慶應義塾大学卒業後、2016年にA.T. Kearney 株式会社に新卒入社。
2019年に株式会社Leaner Technologiesを創業し、代表取締役CEOに就任。
――株式会社Leaner Technologiesサービス「Leaner(リーナー)」のサービスについて教えてください
Leaner(リーナー)を一言で説明すると、経費を削減できるSaaSです。間接費の無駄を徹底的に見える化し、コスト削減を支援しています。
具体的な機能としては、自社の経年推移とビッグデータ解析に基づいた他社比較をしながら、使いすぎている間接費目を特定。
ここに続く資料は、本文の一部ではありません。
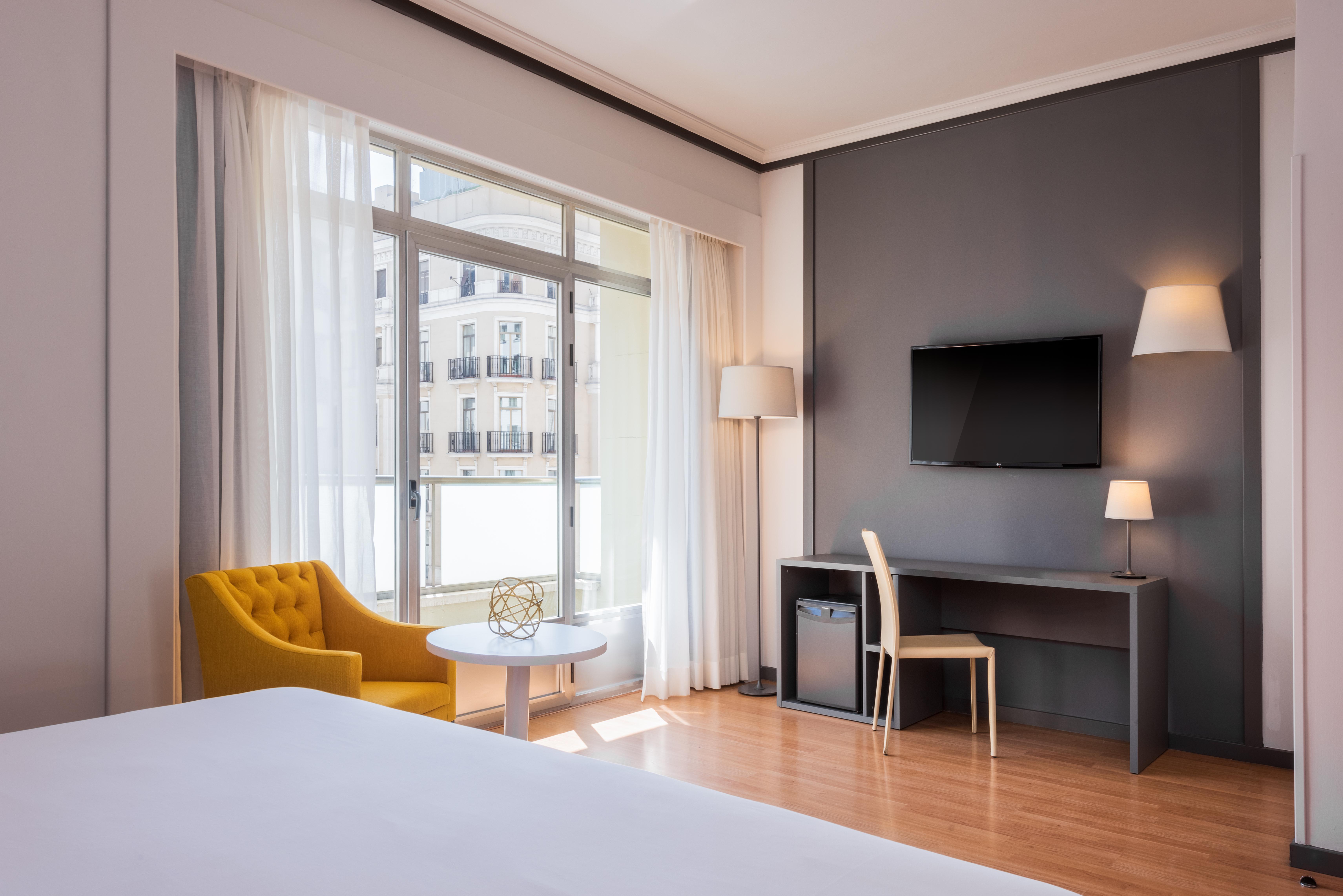 Hotel Madrid Plaza De Espana, Affiliated By Melia Bagian luar foto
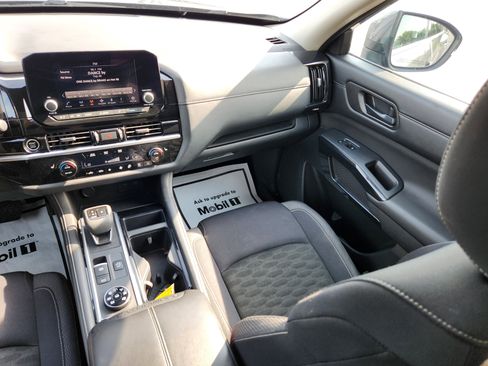 Used 2024 Nissan Pathfinder SV AWD/4WD image 17
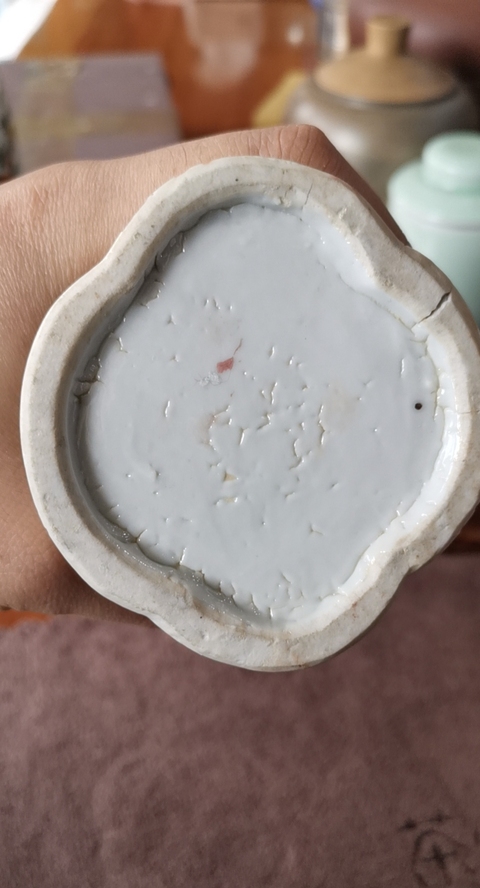 古玩陶瓷五彩瑞獸紋海棠形獅耳瓶拍賣，當前價格10800元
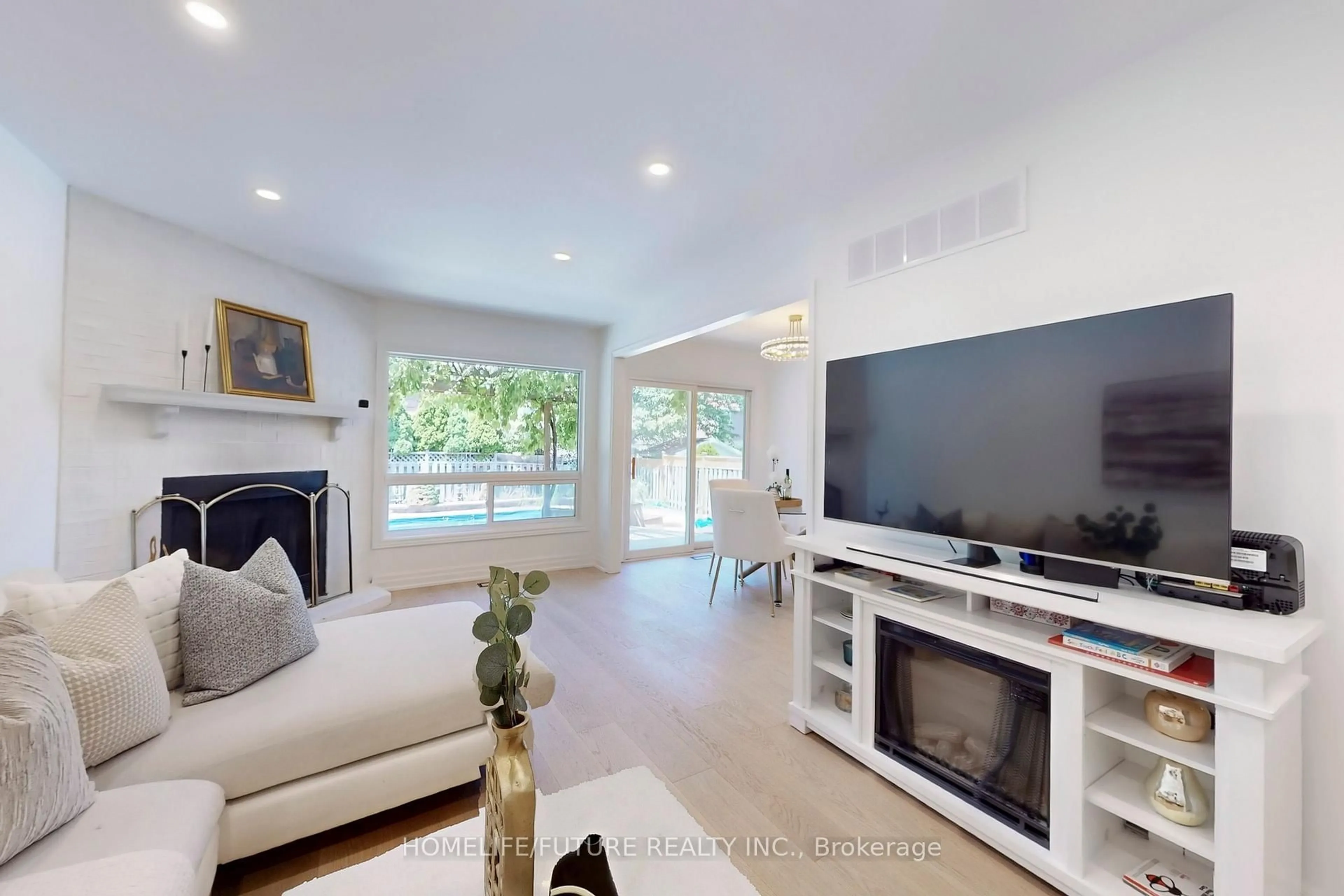 Living room with furniture, unknown for 3273 Huxley Dr, Mississauga Ontario L5L 4S3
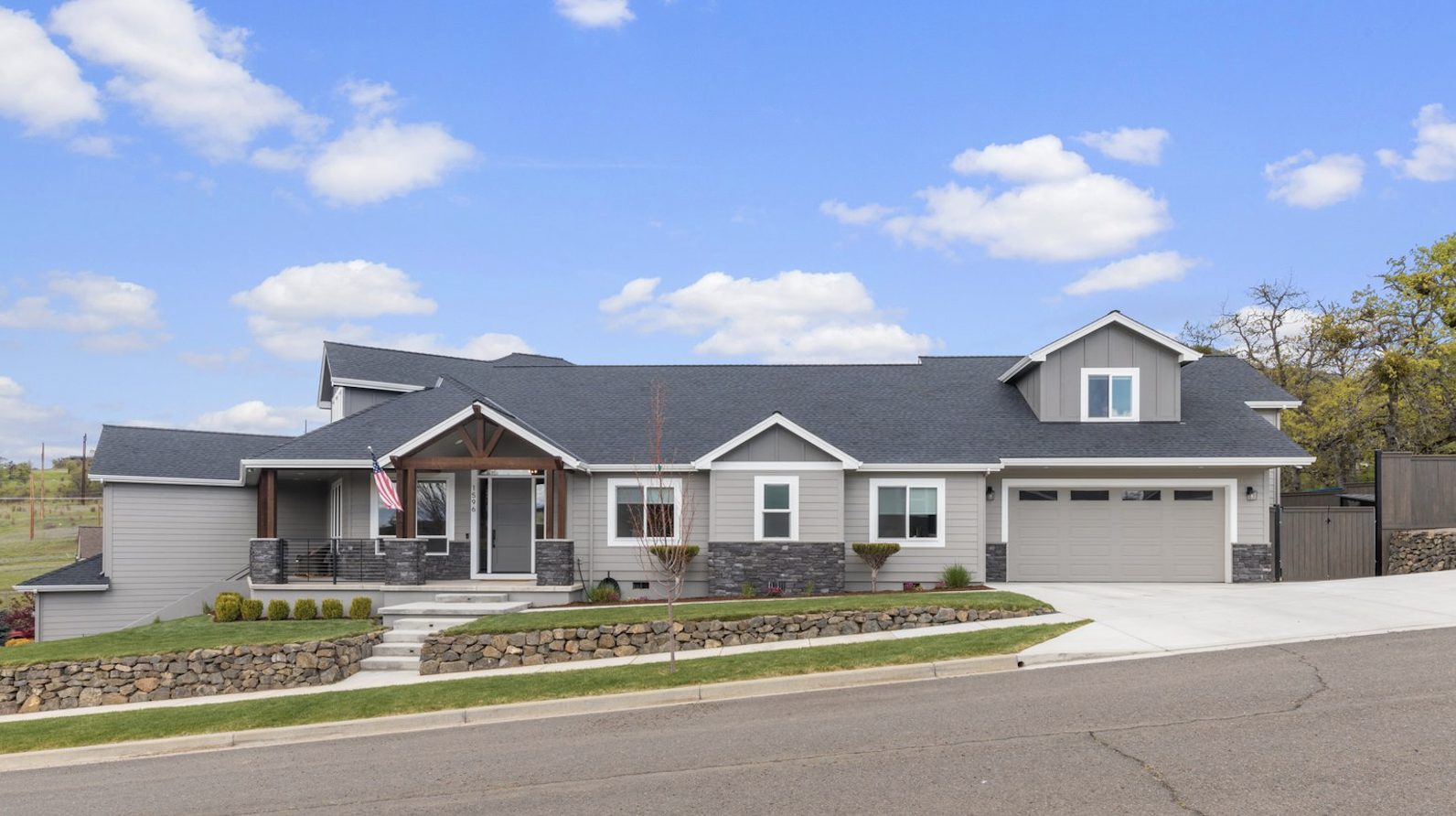 June 2022 Snapshot - Bend/Redmond header image.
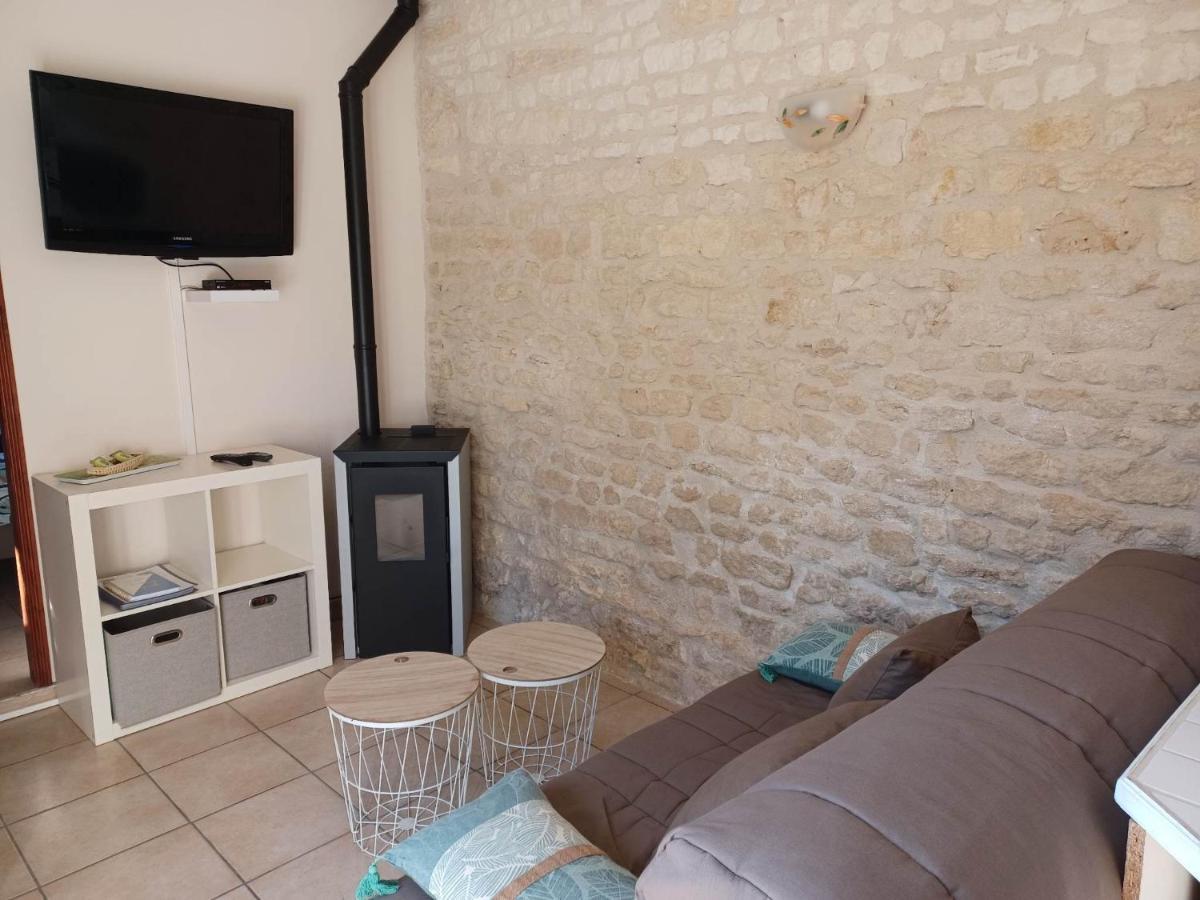 Escale Au Clos Saint Martin De Juillers Gites Et Chambres D'Hotes Buitenkant foto
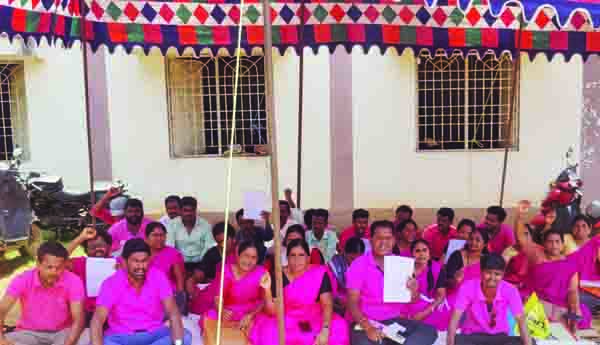 మన్యంలో యానిమేటర్ల ఆందోళన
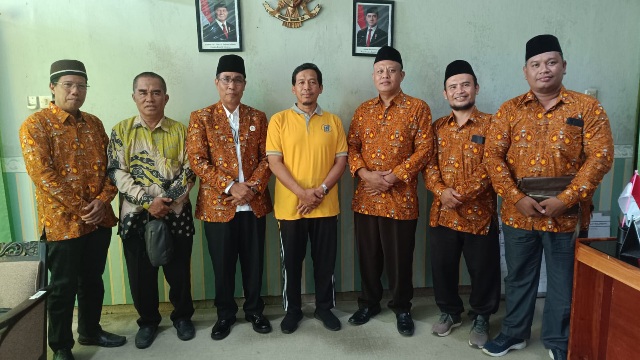 Tak Kunjung Dibayarkan TPG dan THR Guru Agama, AGPAII NTB Datangi Dikbud Provinsi NTB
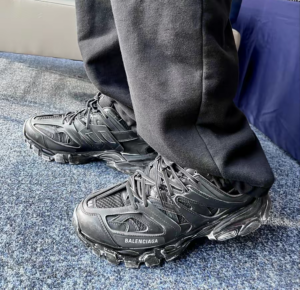 Alternative view of Giày Balenciaga Track Sneaker 'Faded Black' 542023-W3CN2-1000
独自のKPI管理により「コスト削減の余地」や「適切なコスト削減手法」を提示します。
例えば「コピー費の契約単価が高いので、適正水準であるこの金額まで改善しましょう」というアドバイスや、費目別にコスト削減の優先度をランク付けすることで、最優先で着手した方が良い費目、見直す順序も明確化が可能です。
また、コストが削減しても月日が経つとリバウンドするので、その積み上げもしていき、継続的にコスト削減を計ります。今まで、やりたくてもできなかった累計のコスト削減額を見える化するという仕組みです。
――前回の記事から5か月が経ちました。その間にどんな変化がありましたか?
Leanerを提供して一番わかったことは、海外と比べると日本のマーケットに間接費を最適化できるサービスが相対的に少なかったことです。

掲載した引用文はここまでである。